Since the garden accounts for a significant portion of the renovation project, I've split it up into several sections that deal with different aspects of the garden construction. I've included some information here regarding how we got started with the initial landscaping and the irrigation system since those were among the earliest projects. The majority of the work that was done on the yard was undertaken while we were both still working full-time. We were also struggling with decisions about finding a general contractor for the house, what parts of the house we would start with, and working out the budget for that. With lots of things to consider at the time, doing some yard work was a welcome diversion.
Initial Landscaping
The original plan for the yard from the septic designer was to rebuild the hill that had been flattened out for the leach field and then bring in the hydroseed machine and make it all grass again. We put a stop to that idea rather quickly, and set about finding a landscaping contractor to get a layer of topsoil spread over the mud, re-arrange some rocks, then perform the excavation needed for the dry landscape area. We ended up with a friend of a neighbor who showed up with his Bobcat and mini-excavator and got right to work telling us what we were supposed to do with our yard. In a way I'm glad we started the project with a contractor rather than doing it ourselves, since we learned a lot about how to deal with contractors. We mostly learned we didn't want to deal with contractors any more.

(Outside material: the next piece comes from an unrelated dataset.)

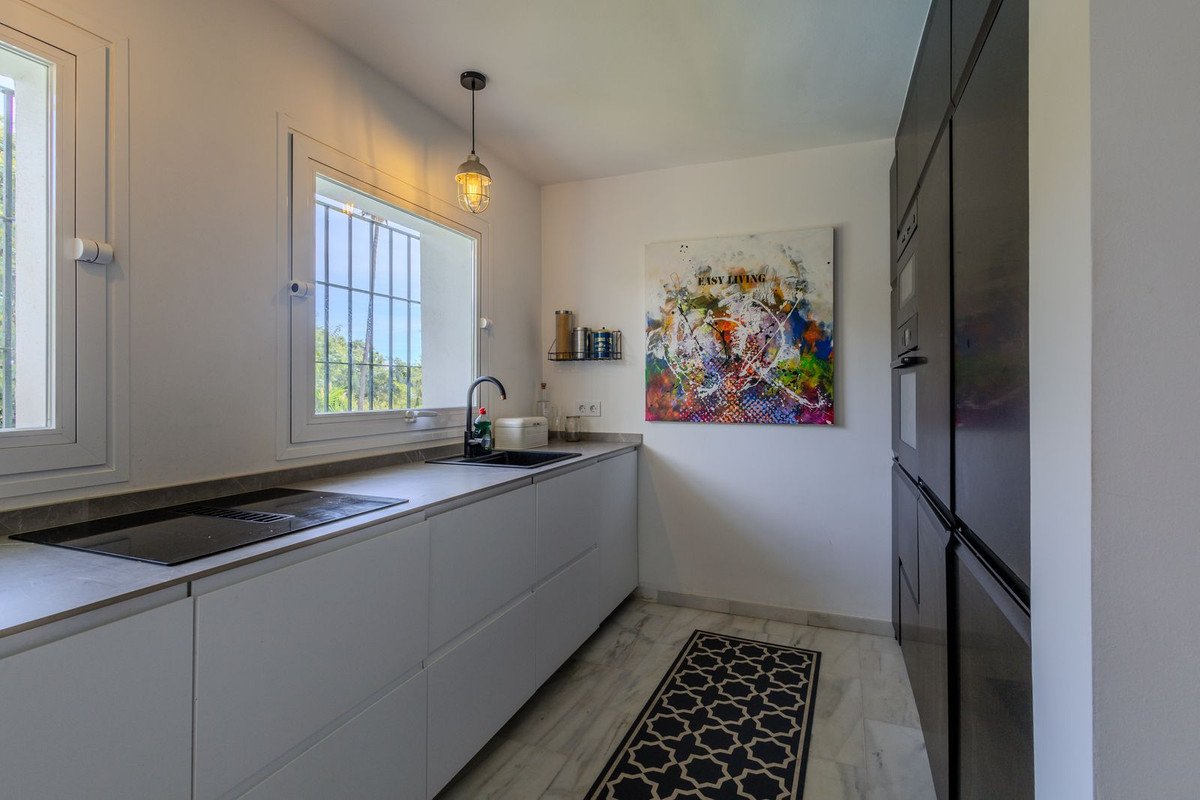 4 Bed Townhouse in Nueva Andalucía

It all seemed simple enough to me... spread the topsoil so the water runs down the hill in back, then around the house to the street out front. Dig down the area at the leach field and use the soil to build up the edges of that area. Then put down weed barrier fabric, fill the flat area with stone dust, then a top layer of white gravel. Flatten off a 12 by 12 foot square area in each corner of back yard, top with crushed stone and pack it so we can put sheds there. Finally, rearrange some rocks that we'd just sort of scattered around since we had to leave room for the big equipment to get in and out of the yard at the time.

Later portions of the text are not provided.